We have seen clients asking for shorter loan term so that they can pay off their mortgage faster. It is absolutely fine if this suits you but you don’t necessarily have to. You can pay-off your mortgage faster even without increasing your loan repayments so no need to take on the financial burden of increased repayments. We can design appropriate loan structure for you in such a way that you can keep paying minimum P&I repayments and can still repay your mortgage faster. We can discuss different options based on your financial position and financial goals. We have heard that some mortgage advisers charge a hefty fee for this and we recommend that they don’t. We provide this service absolutely free of cost.

You can go for a “Turn-Key” or “Land & Build” option and some banks approve up to 90% of the purchase price.

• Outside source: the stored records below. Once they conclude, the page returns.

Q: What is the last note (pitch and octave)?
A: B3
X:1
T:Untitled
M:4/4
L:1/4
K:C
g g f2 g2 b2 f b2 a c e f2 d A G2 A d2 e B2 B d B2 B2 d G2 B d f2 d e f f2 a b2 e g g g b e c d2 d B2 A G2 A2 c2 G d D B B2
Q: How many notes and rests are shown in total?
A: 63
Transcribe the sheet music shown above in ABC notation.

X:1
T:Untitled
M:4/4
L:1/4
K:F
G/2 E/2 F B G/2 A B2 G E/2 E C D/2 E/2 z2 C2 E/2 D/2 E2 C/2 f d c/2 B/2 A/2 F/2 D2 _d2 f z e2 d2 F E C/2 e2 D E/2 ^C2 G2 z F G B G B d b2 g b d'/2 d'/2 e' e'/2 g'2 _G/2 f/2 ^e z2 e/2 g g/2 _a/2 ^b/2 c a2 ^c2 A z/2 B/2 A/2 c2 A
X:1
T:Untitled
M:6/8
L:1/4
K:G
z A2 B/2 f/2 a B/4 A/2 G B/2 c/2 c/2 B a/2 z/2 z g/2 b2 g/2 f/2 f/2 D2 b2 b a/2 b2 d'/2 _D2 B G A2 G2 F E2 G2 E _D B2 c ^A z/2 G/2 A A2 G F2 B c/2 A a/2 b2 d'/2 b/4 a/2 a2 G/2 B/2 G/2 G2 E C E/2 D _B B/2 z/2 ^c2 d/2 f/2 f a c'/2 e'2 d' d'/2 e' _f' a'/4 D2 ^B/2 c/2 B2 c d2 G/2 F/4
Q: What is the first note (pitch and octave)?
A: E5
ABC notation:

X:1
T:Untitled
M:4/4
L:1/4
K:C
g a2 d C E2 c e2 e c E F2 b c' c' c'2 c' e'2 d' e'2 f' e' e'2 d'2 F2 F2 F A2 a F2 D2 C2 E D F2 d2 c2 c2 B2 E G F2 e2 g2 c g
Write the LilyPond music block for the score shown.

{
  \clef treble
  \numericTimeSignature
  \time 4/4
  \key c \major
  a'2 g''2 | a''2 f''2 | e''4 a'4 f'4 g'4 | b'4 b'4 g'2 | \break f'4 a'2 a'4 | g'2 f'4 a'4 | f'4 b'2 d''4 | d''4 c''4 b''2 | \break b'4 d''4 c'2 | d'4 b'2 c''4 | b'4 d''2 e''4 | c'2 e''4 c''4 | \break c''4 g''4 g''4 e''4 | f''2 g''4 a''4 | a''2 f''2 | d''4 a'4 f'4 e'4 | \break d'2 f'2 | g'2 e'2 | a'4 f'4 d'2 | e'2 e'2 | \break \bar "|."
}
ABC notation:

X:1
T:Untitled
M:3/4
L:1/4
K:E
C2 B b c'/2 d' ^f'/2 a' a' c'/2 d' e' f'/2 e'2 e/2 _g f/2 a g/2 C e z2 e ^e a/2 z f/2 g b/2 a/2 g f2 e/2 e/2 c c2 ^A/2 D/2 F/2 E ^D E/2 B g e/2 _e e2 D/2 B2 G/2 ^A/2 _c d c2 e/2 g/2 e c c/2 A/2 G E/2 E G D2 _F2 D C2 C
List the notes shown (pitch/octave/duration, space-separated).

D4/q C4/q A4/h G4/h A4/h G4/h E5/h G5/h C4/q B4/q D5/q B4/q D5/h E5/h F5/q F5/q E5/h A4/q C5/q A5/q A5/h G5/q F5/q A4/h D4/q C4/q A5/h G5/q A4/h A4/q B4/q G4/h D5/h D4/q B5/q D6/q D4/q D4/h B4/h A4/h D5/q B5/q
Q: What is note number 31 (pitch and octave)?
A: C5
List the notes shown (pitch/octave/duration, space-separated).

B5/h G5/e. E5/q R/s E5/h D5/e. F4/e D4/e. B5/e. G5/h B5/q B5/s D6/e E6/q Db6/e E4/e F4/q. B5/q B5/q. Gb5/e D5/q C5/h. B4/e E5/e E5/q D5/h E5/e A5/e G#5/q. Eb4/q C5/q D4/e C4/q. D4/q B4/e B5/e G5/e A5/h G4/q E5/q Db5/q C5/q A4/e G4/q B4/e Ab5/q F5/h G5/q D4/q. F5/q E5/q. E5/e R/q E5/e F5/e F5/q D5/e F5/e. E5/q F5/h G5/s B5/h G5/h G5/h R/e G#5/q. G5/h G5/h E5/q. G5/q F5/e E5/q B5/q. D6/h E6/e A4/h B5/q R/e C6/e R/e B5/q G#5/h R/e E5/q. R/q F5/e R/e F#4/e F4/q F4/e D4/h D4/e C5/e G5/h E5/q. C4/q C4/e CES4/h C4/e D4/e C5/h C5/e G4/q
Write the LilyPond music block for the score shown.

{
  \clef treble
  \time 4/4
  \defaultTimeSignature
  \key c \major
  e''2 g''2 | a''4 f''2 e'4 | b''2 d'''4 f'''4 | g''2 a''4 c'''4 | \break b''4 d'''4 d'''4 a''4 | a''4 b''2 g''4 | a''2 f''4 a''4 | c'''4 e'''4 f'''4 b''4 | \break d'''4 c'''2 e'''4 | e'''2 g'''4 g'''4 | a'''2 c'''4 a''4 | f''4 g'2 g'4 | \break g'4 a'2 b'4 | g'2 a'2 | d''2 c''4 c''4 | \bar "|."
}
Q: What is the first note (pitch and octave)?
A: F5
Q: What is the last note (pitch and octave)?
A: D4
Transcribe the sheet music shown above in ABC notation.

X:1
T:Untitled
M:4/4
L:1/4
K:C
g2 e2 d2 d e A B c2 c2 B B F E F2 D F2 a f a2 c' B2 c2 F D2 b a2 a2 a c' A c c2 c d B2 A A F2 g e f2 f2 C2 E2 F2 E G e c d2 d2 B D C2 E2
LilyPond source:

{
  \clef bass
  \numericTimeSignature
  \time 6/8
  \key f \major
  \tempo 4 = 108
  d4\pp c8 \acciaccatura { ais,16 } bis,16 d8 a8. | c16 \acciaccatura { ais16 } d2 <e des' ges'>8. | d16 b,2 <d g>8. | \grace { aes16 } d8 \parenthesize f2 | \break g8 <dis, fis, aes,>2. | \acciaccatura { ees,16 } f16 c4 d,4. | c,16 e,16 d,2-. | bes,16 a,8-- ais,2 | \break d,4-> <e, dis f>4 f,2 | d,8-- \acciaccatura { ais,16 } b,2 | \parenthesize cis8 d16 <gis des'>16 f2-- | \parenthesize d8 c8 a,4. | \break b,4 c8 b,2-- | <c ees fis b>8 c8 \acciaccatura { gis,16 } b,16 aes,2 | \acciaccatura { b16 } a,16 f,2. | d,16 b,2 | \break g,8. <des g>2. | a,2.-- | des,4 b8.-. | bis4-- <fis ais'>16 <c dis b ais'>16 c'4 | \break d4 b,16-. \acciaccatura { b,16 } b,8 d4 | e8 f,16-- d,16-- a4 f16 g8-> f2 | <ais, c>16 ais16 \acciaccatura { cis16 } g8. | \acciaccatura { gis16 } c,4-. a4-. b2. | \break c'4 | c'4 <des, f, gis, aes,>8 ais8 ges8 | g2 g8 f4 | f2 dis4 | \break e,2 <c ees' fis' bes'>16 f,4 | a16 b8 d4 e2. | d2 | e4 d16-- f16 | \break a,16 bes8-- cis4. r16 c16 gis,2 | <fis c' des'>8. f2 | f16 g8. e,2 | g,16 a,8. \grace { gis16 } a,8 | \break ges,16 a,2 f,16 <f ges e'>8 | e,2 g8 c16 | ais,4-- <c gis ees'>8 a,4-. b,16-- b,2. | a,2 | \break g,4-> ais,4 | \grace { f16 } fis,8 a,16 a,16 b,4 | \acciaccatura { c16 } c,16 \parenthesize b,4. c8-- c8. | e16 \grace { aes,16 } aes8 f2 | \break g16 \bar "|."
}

As the name suggests that you turn the key to move in the house. Under the Turn-Key option, you sign a deal with the builder/developer to purchase a house at a set price prior to the house is built. You pay somewhere around 10% deposit to secure the deal and you can get pre-approved finance from the Bank for the remaining funds when the house construction is complete. In such cases, the bank will allow settling the deal when the Council has issued Code Compliance Certificate (CCC) and the house is ready to move in. The benefit of buying under the turn-key project is that you do not have to purchase land, then find a builder to build the house and start paying him as the construction of the house progresses. You also save the time and effort to get Council approval and consents etc. The house is built as per specifications given by the builder/developer at the time of signing the deal and they can allow minor changes during the construction as per your choice e.g. choosing the colour for carpet and curtains etc. So, you get the house as per your requirement and don’t have to worry about the construction-related hassle. You can also negotiate to get out of the deal (sunset clause) if the house is not ready by a specified time.

Building your dream home sounds interesting and certainly, it is. So, before you finalise any section, start talking to your architect and builder, it is recommended that you have a good idea of the overall building process, funding arrangement, and documentation required by the bank to approve your construction loan.

Please refer to our Construction Loans section for more details.

Now you are pretty much ready to apply for your first home loan. Generally, following documents will be required to secure a pre-approval for your first home loan:
– Latest 3 payslips of each applicant
– Latest 3 months deposit bank account statement
– Latest 3 months salary and transactional bank account statement
– Passport of each applicant
– Property details if you have finalised any property so far

In case, any of the applicants is self-employed, the bank will require last 2 years of business financial statements to determine the level of earnings for that applicant.